Once we can learn to be present more often, we can learn how to do nothing. So much of what we think we are is about doing. We are a goal-obsessed culture. Some of that is useful. But man does it suck the joy out of life. Suddenly every task is about productivity about moving ahead, about attaining more and more. No wonder we’re all miserable. Nothing is ever just is. The push for more is all that matters.
This myopic view of human existence does us great damage. The idea of sitting on a bench and watching the trees and birds and the sunset means nothing from this goal-orientated, capitalistic point of view. After all, observing and being achieves nothing! But I tell you from experience, sitting on the bench and doing nothing is everything. That doesn’t mean that you check your phone every five minutes to post on Instagram. It means to take it all in just as you are in this moment. It means to try and grasp the great mystery of it all, even though it is ungraspable. Maybe, just maybe this is the beginning of inspired gratefulness. Maybe if we can learn to just be a little more we can see how much there is going on each moment, how much we miss in the clutter of our egos, how immense and beautiful existence can be.

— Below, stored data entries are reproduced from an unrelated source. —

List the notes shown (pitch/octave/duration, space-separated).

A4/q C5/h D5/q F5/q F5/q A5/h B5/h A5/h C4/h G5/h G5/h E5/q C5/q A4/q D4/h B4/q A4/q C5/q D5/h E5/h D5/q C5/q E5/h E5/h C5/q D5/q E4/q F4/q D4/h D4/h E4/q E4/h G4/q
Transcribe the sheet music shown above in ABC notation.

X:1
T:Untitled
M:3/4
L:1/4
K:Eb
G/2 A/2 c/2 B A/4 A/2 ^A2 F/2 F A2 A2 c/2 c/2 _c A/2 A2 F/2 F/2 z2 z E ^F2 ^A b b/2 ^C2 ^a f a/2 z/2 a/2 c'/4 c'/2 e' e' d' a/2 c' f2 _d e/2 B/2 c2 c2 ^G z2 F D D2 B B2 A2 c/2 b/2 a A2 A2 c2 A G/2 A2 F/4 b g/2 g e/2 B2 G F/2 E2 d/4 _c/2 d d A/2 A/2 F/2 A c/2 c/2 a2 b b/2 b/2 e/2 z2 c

Because of the way the world, because of the myriads of constant stress in daily lives, many will recoil from this point of view. It seems self-indulgent after all. Who has time to just pay attention, to reconnect with the present moment? Fair enough. I know life is fucking hard. And it often feels overwhelming. But maybe that way of thinking and acting, that way of seeing the world as a way to always do more is causing more damage than good. Maybe we just need to reorientate our perspectives a little bit to see our world and ourselves just a bit differently.